Quante volte sento ripetere in questi giorni una autentica baggianata, una stupidaggine pericolosissima: non importa come andranno le cose, non importa andare in Chiesa o vivere i sacramenti in comunità: Gesù nasce ogni giorno nel nostro cuore.
Gesù si è fatto uomo! Dio si è fatto bambino, non è un sentimento, non è una favola, non è un modo di dire: è la realtà più grande dell’Amore di Dio, diventare uomo per stare tra gli uomini!!
E’ come se dicessimo ad una persona cara: non importa se non ci vediamo, se non passiamo del tempo assieme, non fa niente se non condividiamo nulla, tanto tu nasci ogni giorno nel mio cuore…

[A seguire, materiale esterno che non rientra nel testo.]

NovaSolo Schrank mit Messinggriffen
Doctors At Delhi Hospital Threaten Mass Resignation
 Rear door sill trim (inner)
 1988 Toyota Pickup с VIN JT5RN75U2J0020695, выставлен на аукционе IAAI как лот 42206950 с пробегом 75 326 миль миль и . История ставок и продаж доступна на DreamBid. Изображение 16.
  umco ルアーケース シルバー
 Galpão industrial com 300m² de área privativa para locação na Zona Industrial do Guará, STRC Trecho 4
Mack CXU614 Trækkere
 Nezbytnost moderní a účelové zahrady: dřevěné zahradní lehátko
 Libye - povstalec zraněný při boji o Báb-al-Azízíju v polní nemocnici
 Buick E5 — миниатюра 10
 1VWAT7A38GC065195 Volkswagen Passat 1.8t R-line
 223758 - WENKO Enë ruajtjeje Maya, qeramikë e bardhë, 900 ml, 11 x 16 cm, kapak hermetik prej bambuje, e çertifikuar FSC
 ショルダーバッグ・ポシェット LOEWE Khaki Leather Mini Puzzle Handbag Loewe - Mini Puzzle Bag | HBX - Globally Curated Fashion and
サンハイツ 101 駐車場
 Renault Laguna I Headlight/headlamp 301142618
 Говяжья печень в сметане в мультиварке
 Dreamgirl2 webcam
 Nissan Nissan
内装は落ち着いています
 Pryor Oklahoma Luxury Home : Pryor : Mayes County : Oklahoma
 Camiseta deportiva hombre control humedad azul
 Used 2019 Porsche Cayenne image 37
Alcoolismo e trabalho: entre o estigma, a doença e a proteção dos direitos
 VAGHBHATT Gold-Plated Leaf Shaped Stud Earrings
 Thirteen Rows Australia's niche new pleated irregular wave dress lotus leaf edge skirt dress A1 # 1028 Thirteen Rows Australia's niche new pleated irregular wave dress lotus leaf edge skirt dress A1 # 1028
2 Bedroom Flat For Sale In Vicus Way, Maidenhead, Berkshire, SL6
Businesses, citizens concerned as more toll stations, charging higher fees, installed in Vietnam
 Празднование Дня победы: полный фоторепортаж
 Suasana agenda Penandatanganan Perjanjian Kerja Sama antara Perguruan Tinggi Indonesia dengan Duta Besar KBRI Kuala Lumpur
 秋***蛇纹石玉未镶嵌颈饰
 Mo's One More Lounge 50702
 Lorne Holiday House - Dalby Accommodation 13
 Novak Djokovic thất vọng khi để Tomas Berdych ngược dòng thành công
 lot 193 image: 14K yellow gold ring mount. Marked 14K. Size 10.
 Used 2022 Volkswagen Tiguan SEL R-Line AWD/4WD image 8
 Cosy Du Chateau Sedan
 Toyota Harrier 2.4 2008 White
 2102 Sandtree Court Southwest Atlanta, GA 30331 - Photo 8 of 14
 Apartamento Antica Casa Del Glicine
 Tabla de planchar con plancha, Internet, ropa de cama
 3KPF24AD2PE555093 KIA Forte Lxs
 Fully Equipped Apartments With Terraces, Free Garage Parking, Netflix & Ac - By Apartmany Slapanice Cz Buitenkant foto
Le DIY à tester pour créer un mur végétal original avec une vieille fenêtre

Una bella intenzione, un bel sentimento ma dove si insinua l’idea che, alla fine, anche il legame con l’Eterno, diventa un filo che annodo io come preferisco e voglio; lo faccio crescere nel mio cuore, lo stesso luogo dove nasce anche il mio limite, il mio peccato e se nel cuore non entra la Grazia del Sacramento (Dio si è fatto esperienza!!!), quel cuore butta via tutto, perché tutto diventa uguale.
Non lasciamoci rubare il Santo Natale, non lasciamo che il grido del Vangelo di Giovanni rimanga strozzato nella nostra comoda poltrona, sia essa di casa o del nostro cuore intorpidito, facciamolo nostro questo grido: ET VERBUM CARO FACTUM EST, Il Verbo, la Parola di Vita, il Soffio dell’esistenza si è fatta carne!!
Carissimi fratelli, spero di vero cuore che questo tempo sia un dono di santità a tutti voi; io, da parte mia, cercherò di fare il possibile perché la terra del Kuwait sia occasione per me di rendere Gloria alla Passione di Cristo, il resto viene a seguire.
Vi mando il mio abbraccio, la mia benedizione e un bacio a tutti i bambini del nostro Villaggio e della nostra Brigata!